▶ WORK ITEM
Write out exactly the lines below starting at the one containing "Photo 19 of" and ending at the one containing "Earth Color - Ammonia-Free". Omit every picture.

(THE DATA Opens)

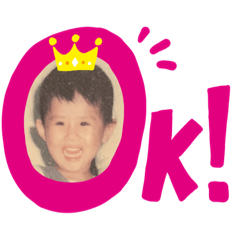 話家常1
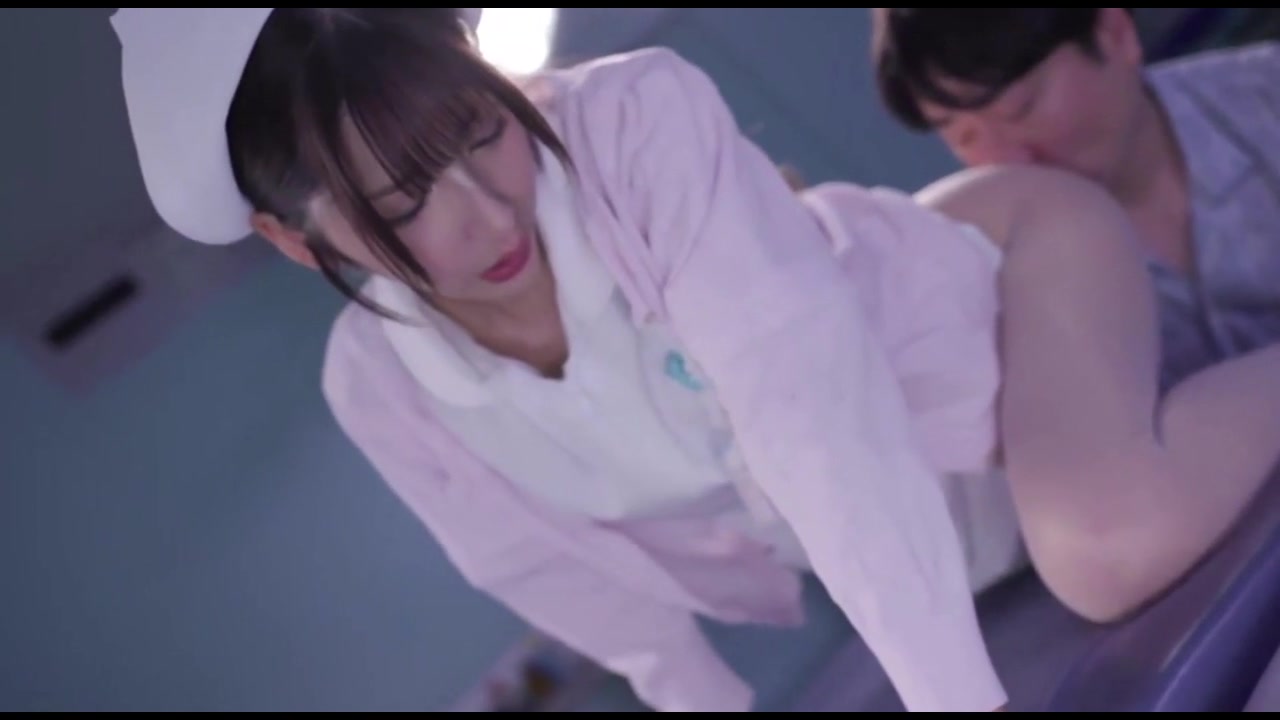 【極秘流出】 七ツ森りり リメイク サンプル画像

(THE DATA Closes)
(THE DATA Opens)

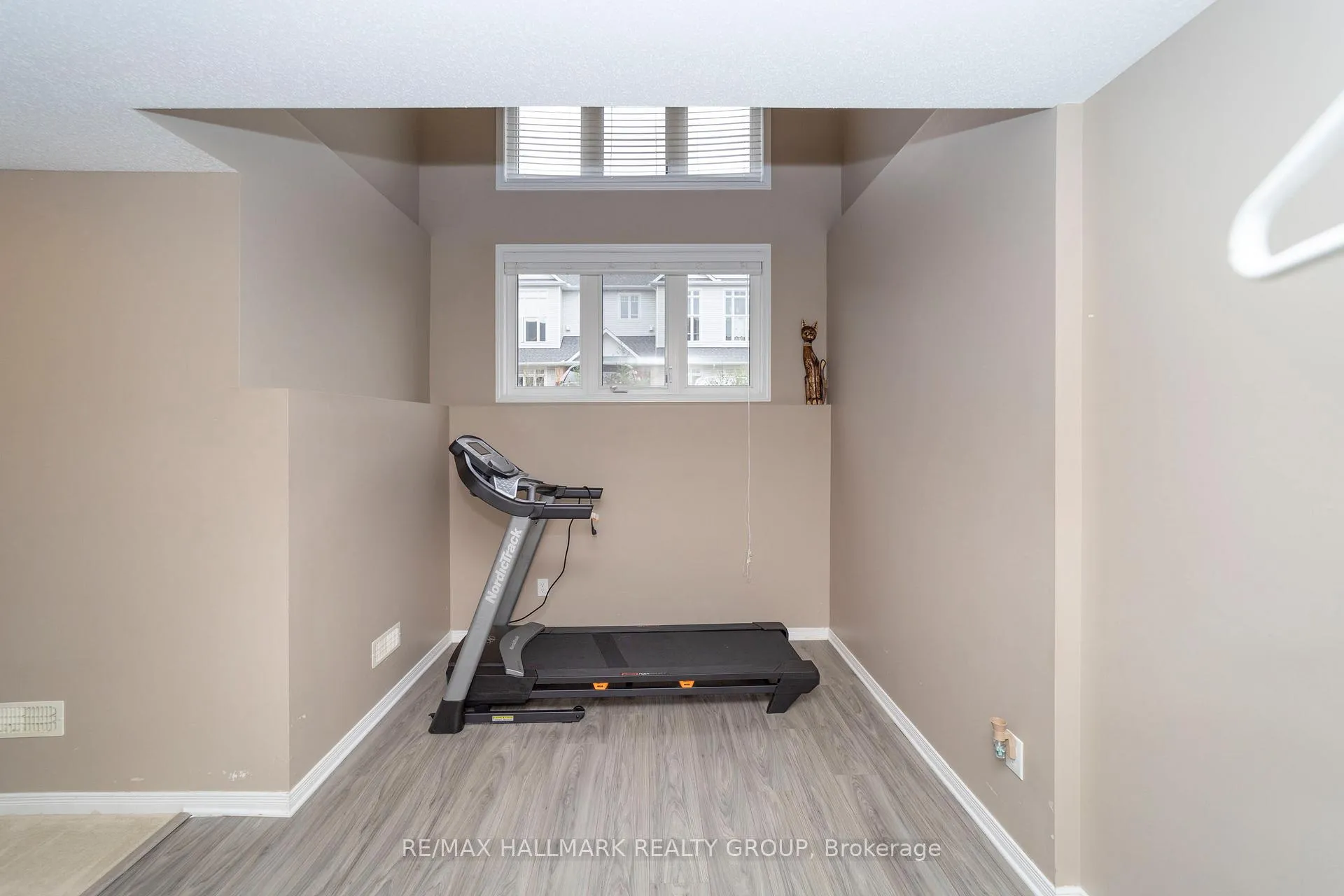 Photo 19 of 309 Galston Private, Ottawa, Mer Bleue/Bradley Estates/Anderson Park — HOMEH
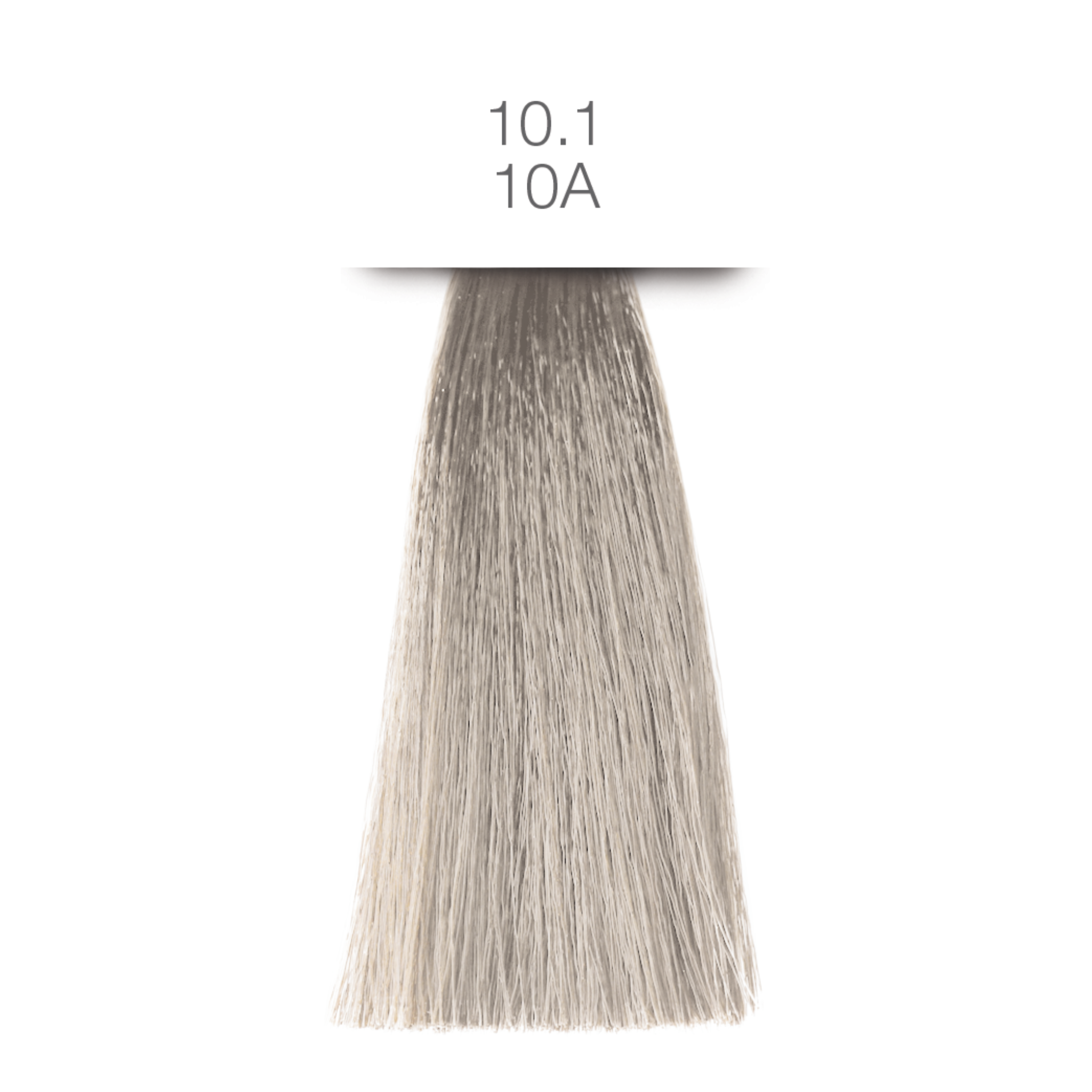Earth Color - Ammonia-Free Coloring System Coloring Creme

(THE DATA Closes)

▶ SOLUTION FOR THIS TASK
 Photo 19 of 309 Galston Private, Ottawa, Mer Bleue/Bradley Estates/Anderson Park — HOMEH
Earth Color - Ammonia-Free Coloring System Coloring Creme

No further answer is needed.